### EXERCISE OBJECTIVE
Up to and including the line that holds "Fotokopien von Sabon-Entwürfen, Skizzen", print the data exactly from its first line; do not print the pictures.

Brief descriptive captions
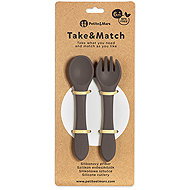 PETITE&MARS Take&Match Bitter Cocoa 6m+ - Cutlery Set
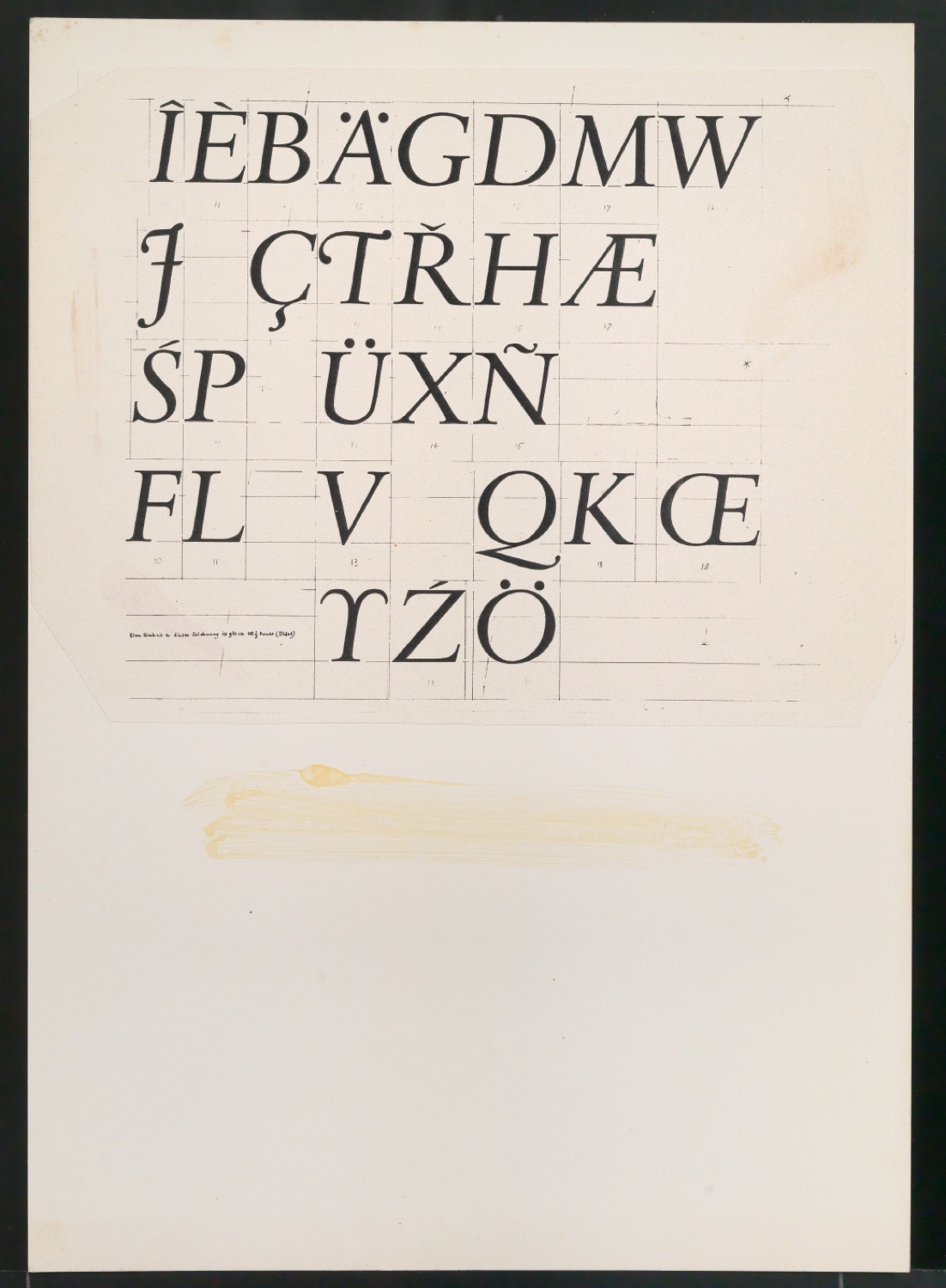 Fotokopien von Sabon-Entwürfen, Skizzen und korrigierte Ausschnitte aus Reproduktionen der Sabon — Blatt 1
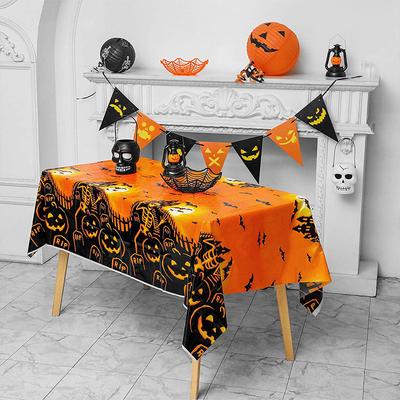 Halloween Decoration Tablecloth Pumpkin Spider Web Bat Plastic Table Cover Festival Party Home Table Decoration Supplies  Decor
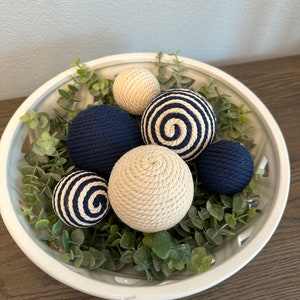 Navy Blue and Cream | Rustic, Farmhouse | Rope Yarn Ornament Bowl Fillers | Set of 6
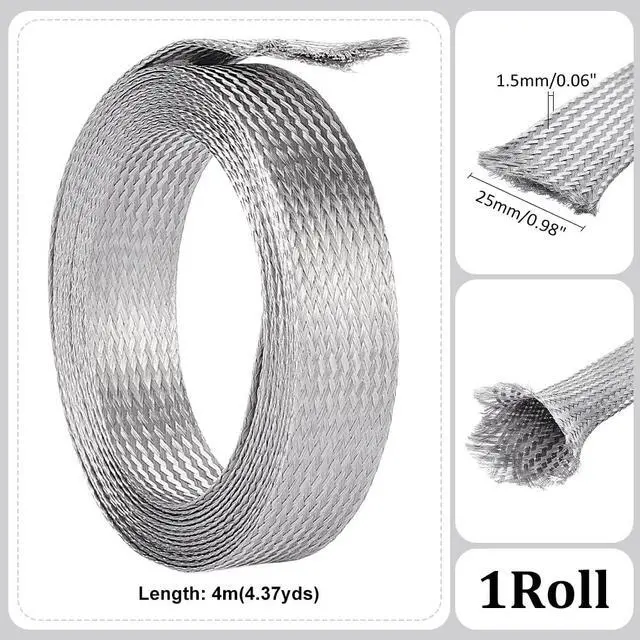 Alt view image 3 of 6 - 1" Wide Stainless Steel Braided Sleeving Braid Cable Wire Shielding Sleeve Ground Straps Protection Flat Metal Mesh Flexible Expandable Scalable Ribbon Wire for Protect Cable 13.12 Feet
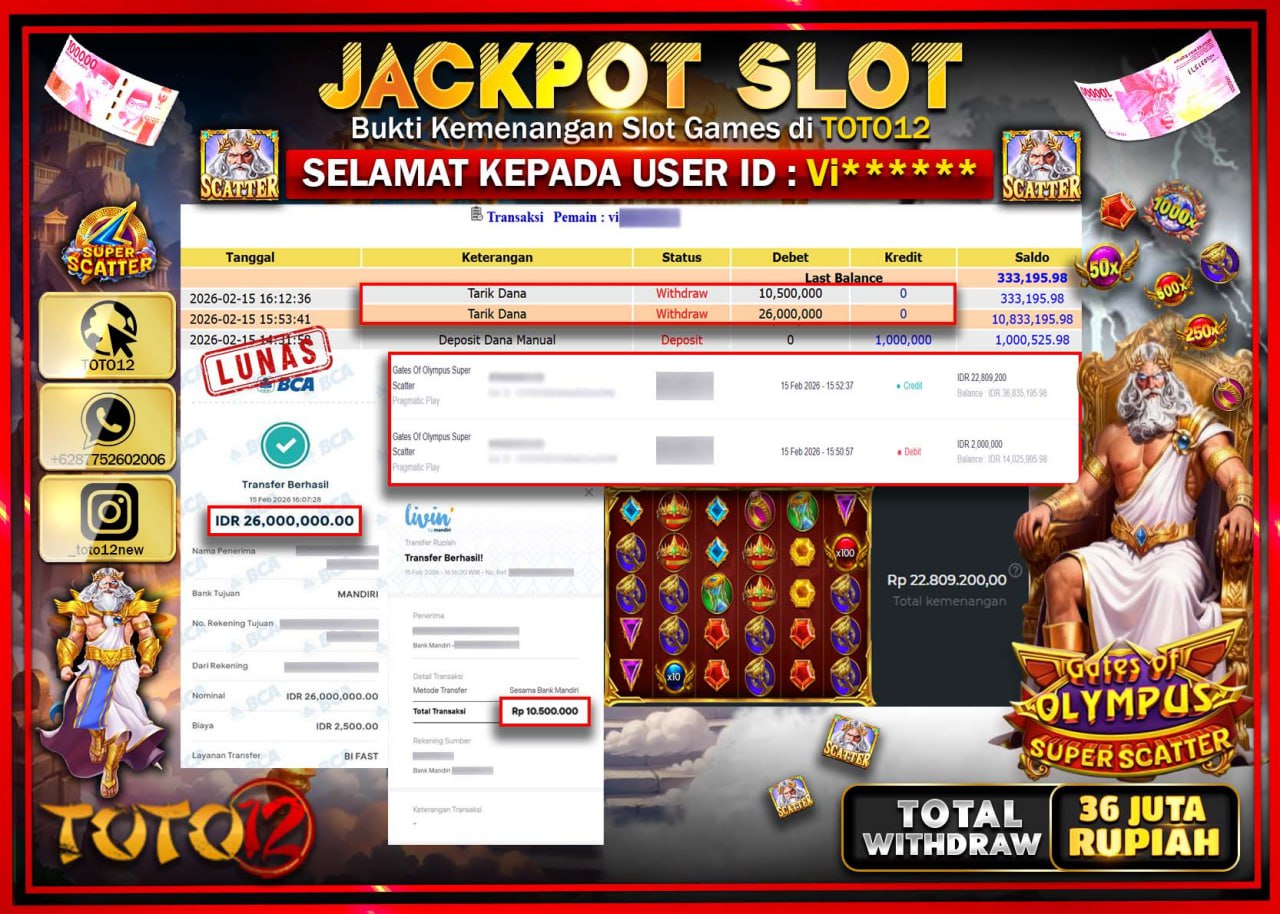 HANYA DI TOTO12 JP PASTI DI BAYAR LUNAS DAN CEPAT!!!!!! JACKPOT SLOT GAME (GATES OF OLYMPUS SUPER SCATTER ) Rp.36.500.000!!!!
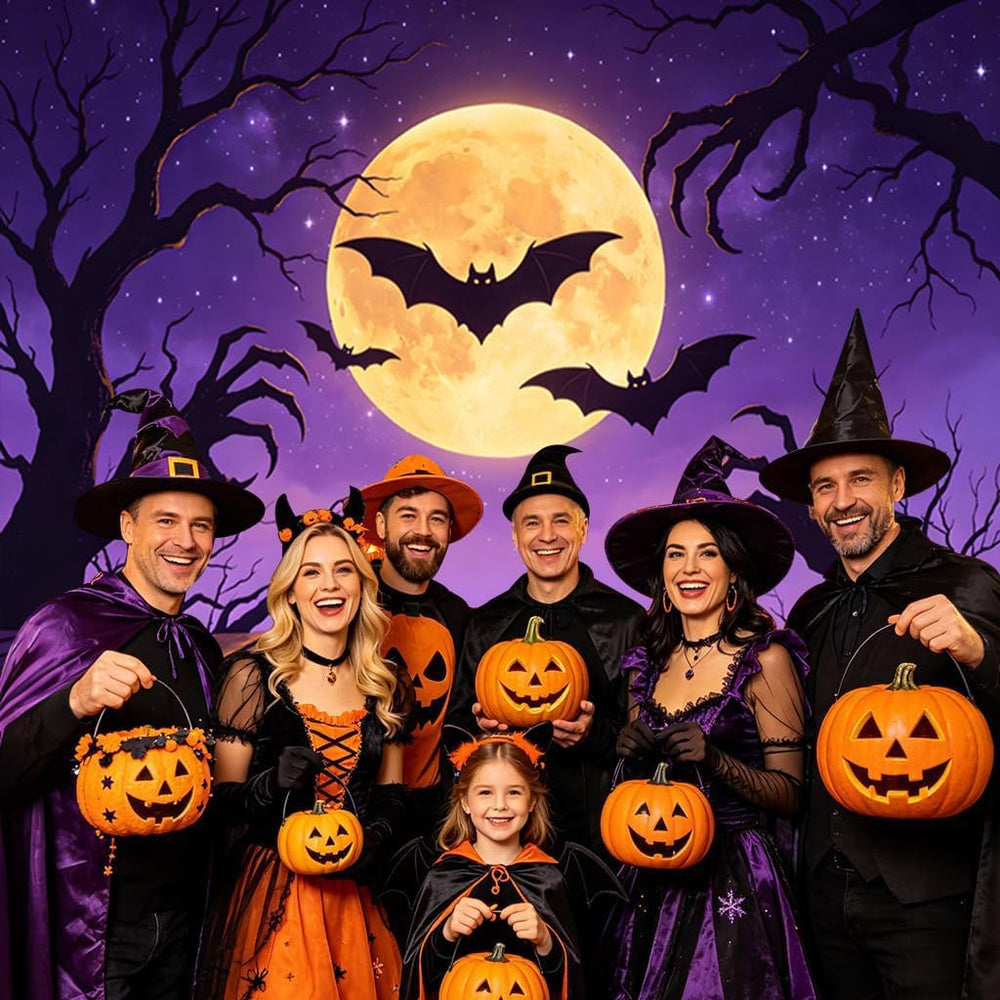 Halloween Backdrop for Photography 10x8ft Happy Moon Night Banner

### YOUR SOLUTION
 PETITE&MARS Take&Match Bitter Cocoa 6m+ - Cutlery Set
 Fotokopien von Sabon-Entwürfen, Skizzen und korrigierte Ausschnitte aus Reproduktionen der Sabon — Blatt 1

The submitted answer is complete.